Молодой Пушкин, искренне ненавидя Толстого, заклеймил его эпиграммой:
В жизни мрачной и презренной
Был он долго погружен,
Долго все концы вселенной
Осквернял развратом он.
Но исправясь понемногу,
Он загладил свой позор,
И теперь он — слава богу —
Только что картежный вор.
Вяземский же пытался сохранить объективность и не судить:
Американец и цыган!
На свете нравственном загадка,
Мятежных склонностей дурман
Или страстей кипящих схватка
Всегда из края хлещет в край,
Из рая в ад, из ада в рай!
Грибоедов был рад увидеть самую колоритную личность Москвы, если не всей России, и хотя не составил о Толстом высокого мнения, но и не боялся его.
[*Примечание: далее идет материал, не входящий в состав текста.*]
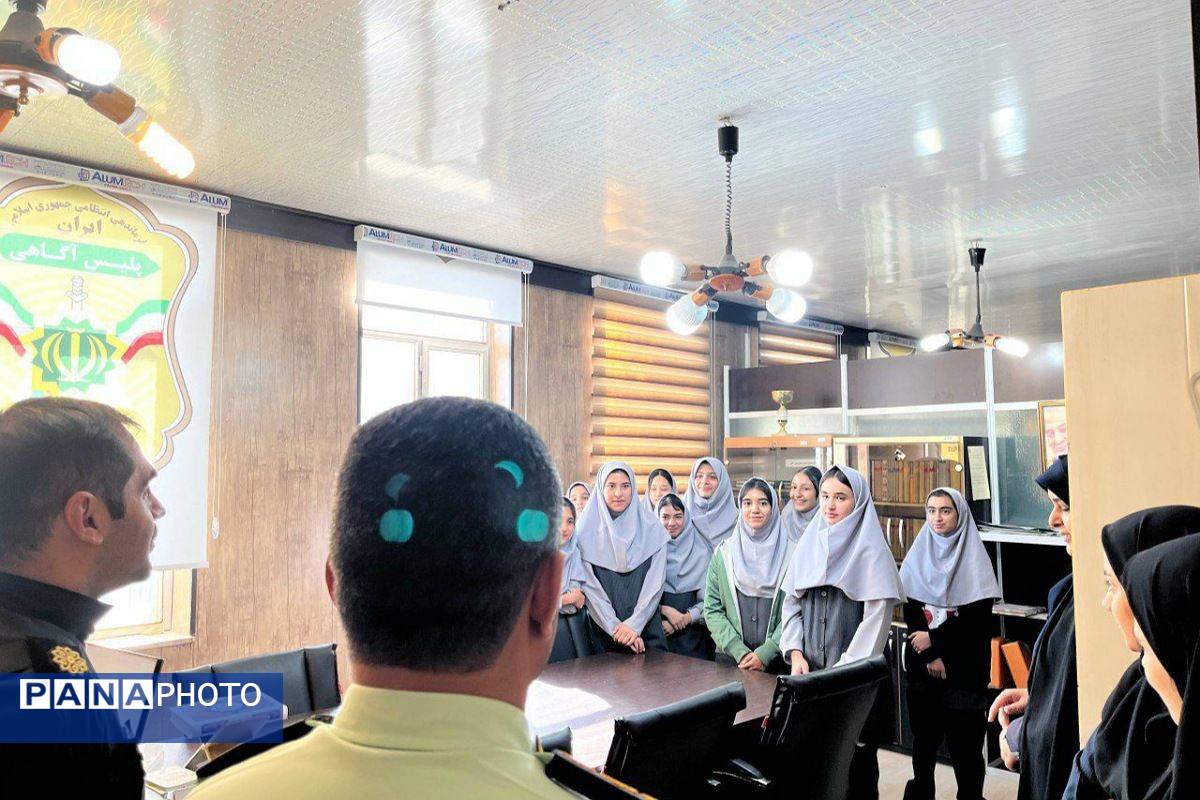 دیدار صمیمی آینده‌سازان با حافظان نظم و امنیت در کلانتری ۱۱ فیروزکوه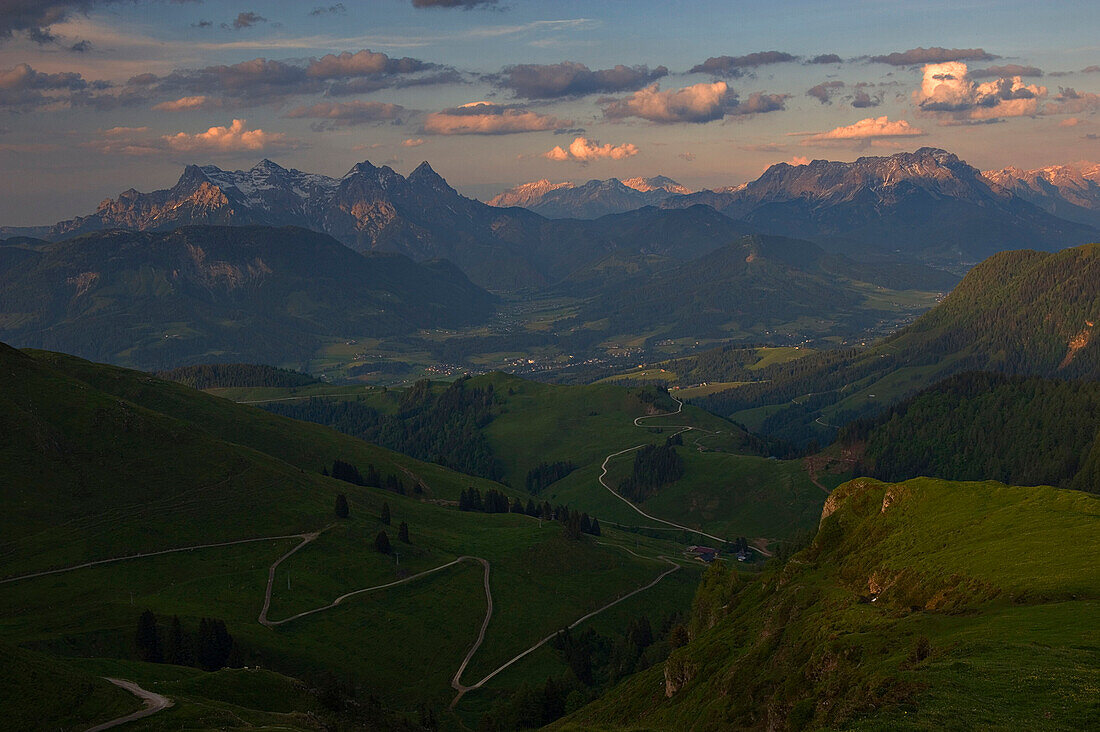 Panoramic mountain view from the Hornk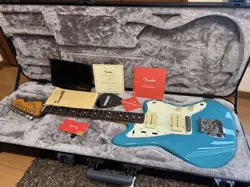 PROFESSIONAL JAZZMASTER MIAMI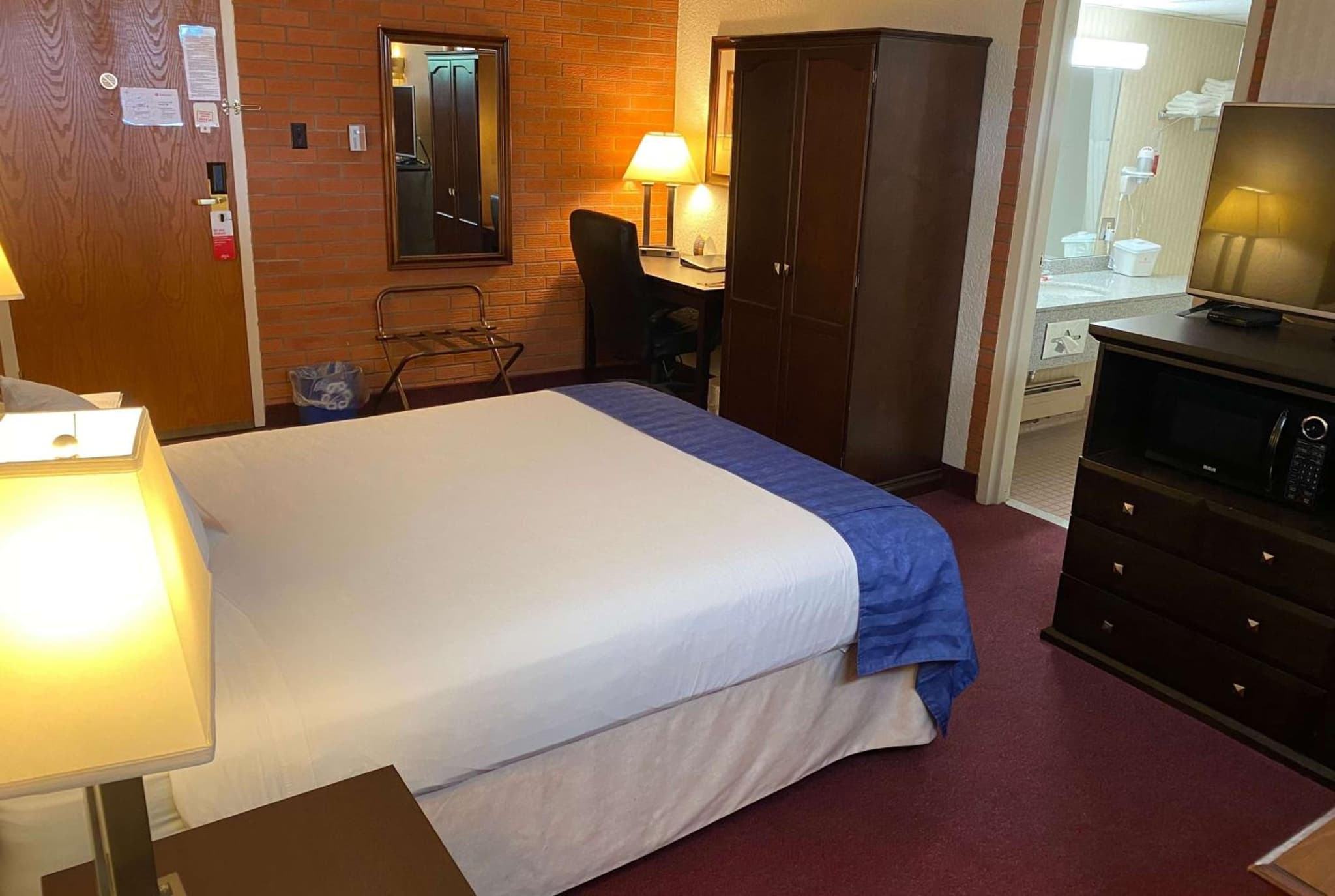 Ramada by Wyndham Lethbridge photo 7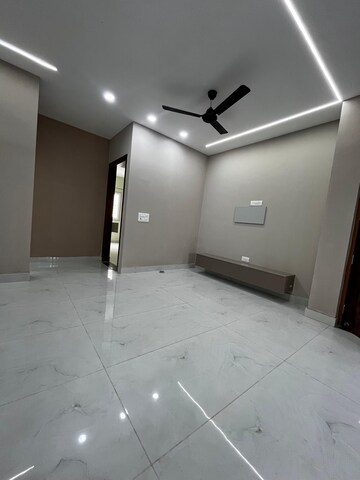 Room in 4 BHK Villa at Eros Rosewood City, Sector 49 – for Rent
Занимаясь музыкой вместе с Алябьевым, Всеволожским, Верстовским и Одоевским, читая стихи Кюхельбекеру и Вяземскому и слушая их стихи, смеясь с Денисом Давыдовым, проводя вечера в театре и до полуночи ведя задушевные разговоры со Степаном, Грибоедов замечательно проводил время. В Персии он мечтал о Петербурге, но теперь забыл о нем — даже не забыл: ему стало казаться, что Петербург сам пришел к нему в лице своих лучших представителей.